Julien Maldonato : Nous partageons pleinement cette vision qui va dans le sens de l’Open Banking, et qui est le passage d’un écosystème fermé à un écosystème ouvert, au sein duquel la création de valeur est multidirectionnelle. Les établissements ont alors un choix à faire quant au positionnement qu’elles souhaitent avoir sur le marché. Elles doivent notamment définir leur stratégie entre un modèle producteur, visant à mettre à disposition de tiers ces services en marque blanche via des APIs, et un modèle distributeur visant à commercialiser de nouveaux services – y compris extra-financiers – via leurs réseaux de distribution physiques et digitaux.
Pensez-vous que DSP2 annonce la monétisation à plus grande échelle des données des utilisateurs (type API market) ?
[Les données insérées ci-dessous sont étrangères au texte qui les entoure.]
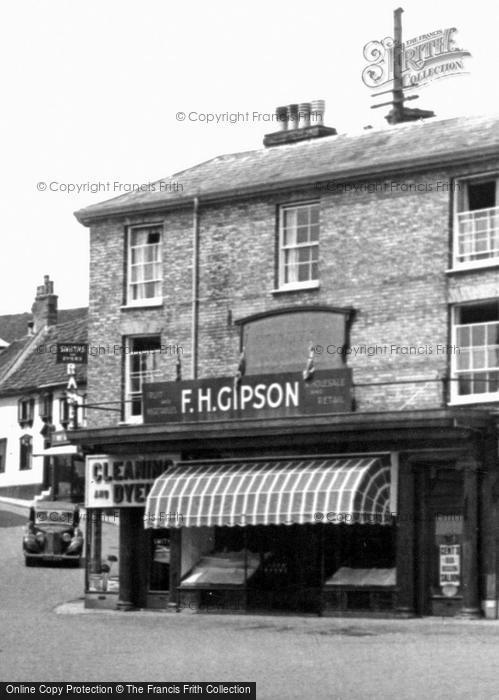Photo of Diss, F. H. Gipson's Shop, Market Hill c.1960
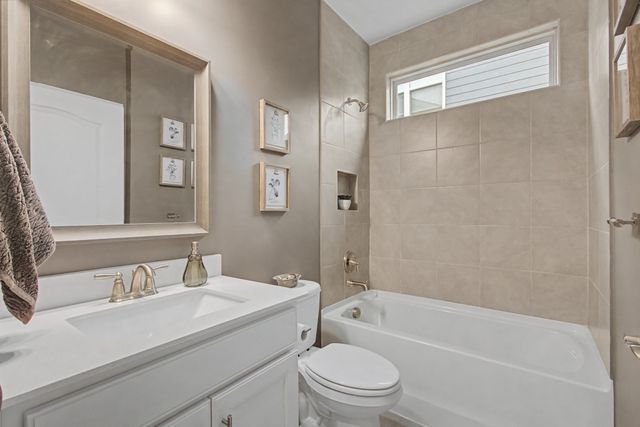 1022 Sumner Grv, Spring Hill, TN 37174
Clément Coeurdeuil : Non, je pense que la DSP2 annonce l’avènement de la banque des usages, la banque 2.0 qui se déplace là où le client en a besoin. Je crois que la DSP2 va permettre à l’utilisateur de consommer sa banque différemment et que c’est la monétisation des usages et pas de la donnée qui sera la clé.
Julien Maldonato : Effectivement, la Banque « as a service », avec une donnée déjà « raffinée » est un des scénarios que nous envisageons. Pour autant, nous n’excluons pas un scénario où les établissements seraient amenés à vendre leurs données brutes anonymisées. Ces deux scénarios coexistent : Fournisseur de services / Fournisseur de données. Par ailleurs, la Banque as a service peut être plus complexe que cela. Nous observons par exemple que les plateformes GAFA offrent leurs services à perte pour conquérir et réceptionner la donnée. Comment de plus petits acteurs pourraient alors facturer des services offerts par les GAFA ? Selon nous, le combat sera plutôt de figurer au cœur de la relation client afin de la maitriser.